Wherever the word "machine" appears in the entries, copy the whole line.

Exercise data below:

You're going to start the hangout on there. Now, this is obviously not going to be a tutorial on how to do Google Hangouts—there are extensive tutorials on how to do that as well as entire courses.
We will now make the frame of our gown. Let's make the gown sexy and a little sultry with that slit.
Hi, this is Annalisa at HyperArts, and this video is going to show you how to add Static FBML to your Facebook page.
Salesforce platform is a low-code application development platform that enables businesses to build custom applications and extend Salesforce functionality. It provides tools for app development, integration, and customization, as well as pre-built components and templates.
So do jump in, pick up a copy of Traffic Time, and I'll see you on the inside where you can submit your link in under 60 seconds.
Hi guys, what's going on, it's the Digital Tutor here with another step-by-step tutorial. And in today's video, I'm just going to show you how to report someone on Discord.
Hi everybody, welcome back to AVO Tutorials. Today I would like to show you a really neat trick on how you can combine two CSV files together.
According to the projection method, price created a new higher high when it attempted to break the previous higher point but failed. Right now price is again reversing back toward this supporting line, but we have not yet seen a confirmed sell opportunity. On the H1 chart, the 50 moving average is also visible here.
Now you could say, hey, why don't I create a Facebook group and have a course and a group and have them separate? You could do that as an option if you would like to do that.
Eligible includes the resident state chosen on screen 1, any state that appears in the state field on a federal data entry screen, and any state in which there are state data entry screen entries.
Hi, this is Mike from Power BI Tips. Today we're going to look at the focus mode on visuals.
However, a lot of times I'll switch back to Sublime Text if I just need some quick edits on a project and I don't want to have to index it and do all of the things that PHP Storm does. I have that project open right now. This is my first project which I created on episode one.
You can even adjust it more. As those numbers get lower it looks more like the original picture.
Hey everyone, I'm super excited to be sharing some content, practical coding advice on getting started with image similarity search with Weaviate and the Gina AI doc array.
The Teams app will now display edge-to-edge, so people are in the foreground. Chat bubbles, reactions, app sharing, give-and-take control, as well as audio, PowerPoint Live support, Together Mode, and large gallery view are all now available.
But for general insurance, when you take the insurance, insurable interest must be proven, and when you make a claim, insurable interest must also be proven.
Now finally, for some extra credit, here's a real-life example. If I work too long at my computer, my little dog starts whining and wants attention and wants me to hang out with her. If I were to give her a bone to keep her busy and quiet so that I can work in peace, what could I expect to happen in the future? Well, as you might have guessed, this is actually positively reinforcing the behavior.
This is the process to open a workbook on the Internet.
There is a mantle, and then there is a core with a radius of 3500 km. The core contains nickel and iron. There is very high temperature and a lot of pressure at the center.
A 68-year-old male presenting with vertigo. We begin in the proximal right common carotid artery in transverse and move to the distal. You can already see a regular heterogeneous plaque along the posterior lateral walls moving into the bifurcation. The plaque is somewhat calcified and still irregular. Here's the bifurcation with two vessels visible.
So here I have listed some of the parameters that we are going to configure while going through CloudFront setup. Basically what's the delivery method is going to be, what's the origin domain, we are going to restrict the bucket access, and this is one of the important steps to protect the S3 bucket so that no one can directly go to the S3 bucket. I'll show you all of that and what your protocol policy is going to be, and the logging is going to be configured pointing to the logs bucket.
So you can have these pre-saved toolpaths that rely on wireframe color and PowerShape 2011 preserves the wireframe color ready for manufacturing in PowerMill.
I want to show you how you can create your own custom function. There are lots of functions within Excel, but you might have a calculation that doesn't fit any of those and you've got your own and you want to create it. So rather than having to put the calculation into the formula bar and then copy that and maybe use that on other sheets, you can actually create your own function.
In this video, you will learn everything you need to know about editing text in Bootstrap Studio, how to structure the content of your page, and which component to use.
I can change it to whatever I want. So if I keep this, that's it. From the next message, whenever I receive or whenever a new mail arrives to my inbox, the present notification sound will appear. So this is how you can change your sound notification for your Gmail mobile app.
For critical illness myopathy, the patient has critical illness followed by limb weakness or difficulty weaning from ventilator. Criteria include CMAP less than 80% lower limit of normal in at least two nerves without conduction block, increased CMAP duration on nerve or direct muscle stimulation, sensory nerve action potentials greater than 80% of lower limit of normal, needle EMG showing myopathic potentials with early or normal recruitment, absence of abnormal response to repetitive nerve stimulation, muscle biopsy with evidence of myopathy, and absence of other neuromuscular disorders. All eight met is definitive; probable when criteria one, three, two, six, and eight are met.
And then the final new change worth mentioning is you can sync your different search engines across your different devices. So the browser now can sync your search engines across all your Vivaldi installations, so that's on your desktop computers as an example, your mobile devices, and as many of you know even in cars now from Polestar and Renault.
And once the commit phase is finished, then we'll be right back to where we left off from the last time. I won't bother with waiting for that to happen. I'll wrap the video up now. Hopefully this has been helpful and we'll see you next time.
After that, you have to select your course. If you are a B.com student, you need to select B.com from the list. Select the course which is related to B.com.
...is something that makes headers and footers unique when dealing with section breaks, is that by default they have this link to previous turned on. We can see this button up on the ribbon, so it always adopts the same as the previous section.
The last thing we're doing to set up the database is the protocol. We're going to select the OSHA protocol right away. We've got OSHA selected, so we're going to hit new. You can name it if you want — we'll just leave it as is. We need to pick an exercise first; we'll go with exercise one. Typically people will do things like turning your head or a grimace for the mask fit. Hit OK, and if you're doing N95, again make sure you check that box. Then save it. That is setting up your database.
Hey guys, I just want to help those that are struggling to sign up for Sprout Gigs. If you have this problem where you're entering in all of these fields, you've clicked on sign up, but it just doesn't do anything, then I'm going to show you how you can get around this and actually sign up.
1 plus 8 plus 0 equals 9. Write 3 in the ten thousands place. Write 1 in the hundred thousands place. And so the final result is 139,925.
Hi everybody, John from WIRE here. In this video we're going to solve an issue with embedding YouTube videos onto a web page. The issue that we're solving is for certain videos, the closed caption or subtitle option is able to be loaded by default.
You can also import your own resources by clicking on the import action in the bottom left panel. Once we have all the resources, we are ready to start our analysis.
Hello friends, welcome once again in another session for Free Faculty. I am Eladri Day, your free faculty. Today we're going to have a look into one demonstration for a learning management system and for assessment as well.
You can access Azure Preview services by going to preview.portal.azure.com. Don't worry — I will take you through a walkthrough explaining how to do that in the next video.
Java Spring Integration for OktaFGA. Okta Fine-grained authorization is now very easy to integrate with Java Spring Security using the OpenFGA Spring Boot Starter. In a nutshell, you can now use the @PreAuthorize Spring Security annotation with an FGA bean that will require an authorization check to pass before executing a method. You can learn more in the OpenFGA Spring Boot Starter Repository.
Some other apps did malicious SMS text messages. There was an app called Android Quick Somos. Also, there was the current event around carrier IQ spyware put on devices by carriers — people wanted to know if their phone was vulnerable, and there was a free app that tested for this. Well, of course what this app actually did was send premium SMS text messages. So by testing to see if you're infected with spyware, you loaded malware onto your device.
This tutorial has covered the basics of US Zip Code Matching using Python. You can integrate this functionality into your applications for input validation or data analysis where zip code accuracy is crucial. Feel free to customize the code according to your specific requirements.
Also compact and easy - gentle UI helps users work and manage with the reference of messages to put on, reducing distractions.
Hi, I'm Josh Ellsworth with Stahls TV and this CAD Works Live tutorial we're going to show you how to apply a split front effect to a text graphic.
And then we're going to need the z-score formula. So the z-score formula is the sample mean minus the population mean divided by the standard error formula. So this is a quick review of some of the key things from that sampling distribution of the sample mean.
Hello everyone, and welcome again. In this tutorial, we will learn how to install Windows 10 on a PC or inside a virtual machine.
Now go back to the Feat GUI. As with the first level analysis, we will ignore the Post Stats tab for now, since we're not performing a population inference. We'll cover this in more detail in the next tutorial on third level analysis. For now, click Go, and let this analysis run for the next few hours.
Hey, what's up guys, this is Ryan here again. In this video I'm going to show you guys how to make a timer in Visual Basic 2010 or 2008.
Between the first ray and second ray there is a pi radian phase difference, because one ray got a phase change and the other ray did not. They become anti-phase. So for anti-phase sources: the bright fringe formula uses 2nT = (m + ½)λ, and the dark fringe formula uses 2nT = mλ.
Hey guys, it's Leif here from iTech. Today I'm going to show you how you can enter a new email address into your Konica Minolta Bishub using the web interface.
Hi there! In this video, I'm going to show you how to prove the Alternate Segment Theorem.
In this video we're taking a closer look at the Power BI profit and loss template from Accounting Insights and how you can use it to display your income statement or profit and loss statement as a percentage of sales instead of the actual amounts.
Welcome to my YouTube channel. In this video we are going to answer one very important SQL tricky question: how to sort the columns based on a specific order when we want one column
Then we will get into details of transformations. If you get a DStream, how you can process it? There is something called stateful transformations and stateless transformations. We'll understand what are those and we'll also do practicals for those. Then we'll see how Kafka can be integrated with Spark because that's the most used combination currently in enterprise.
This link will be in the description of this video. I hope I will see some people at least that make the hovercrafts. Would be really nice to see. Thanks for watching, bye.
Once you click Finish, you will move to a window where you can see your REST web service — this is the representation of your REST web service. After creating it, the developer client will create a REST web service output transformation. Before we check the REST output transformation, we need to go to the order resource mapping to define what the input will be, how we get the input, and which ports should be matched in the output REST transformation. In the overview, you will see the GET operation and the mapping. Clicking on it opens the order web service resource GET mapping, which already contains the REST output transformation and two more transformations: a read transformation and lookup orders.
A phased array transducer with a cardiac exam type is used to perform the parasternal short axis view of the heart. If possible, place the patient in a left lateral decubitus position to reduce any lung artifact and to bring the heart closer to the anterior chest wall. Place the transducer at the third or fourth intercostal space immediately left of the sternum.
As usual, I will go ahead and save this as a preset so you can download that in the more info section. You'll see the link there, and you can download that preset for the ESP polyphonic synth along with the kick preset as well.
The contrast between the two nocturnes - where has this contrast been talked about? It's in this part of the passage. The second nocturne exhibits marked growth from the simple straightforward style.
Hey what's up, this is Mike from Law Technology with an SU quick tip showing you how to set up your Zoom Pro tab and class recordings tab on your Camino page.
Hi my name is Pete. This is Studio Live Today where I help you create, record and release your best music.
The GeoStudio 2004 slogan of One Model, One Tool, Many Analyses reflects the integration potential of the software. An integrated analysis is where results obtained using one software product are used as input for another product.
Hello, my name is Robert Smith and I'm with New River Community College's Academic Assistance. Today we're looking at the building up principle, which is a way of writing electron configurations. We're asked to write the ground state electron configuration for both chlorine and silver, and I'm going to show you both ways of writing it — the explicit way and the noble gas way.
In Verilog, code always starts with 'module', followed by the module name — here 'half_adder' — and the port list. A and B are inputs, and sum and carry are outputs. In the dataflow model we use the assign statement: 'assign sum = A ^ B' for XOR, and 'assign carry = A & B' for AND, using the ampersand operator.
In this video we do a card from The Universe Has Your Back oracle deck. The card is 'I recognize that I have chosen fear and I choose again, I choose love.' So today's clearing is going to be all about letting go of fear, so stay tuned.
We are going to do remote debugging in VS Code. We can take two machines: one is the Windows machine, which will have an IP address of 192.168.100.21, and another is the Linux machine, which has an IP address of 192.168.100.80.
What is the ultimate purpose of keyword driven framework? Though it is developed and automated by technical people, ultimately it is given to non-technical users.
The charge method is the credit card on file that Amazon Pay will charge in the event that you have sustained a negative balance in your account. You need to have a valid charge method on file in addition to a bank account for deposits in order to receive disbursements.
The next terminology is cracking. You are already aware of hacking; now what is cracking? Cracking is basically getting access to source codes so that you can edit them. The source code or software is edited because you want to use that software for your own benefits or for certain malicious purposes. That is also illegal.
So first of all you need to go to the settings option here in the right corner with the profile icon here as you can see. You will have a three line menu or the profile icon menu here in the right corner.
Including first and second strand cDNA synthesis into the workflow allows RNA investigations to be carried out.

End of Exercise data.

Output below
Hello everyone, and welcome again. In this tutorial, we will learn how to install Windows 10 on a PC or inside a virtual machine.
We are going to do remote debugging in VS Code. We can take two machines: one is the Windows machine, which will have an IP address of 192.168.100.21, and another is the Linux machine, which has an IP address of 192.168.100.80.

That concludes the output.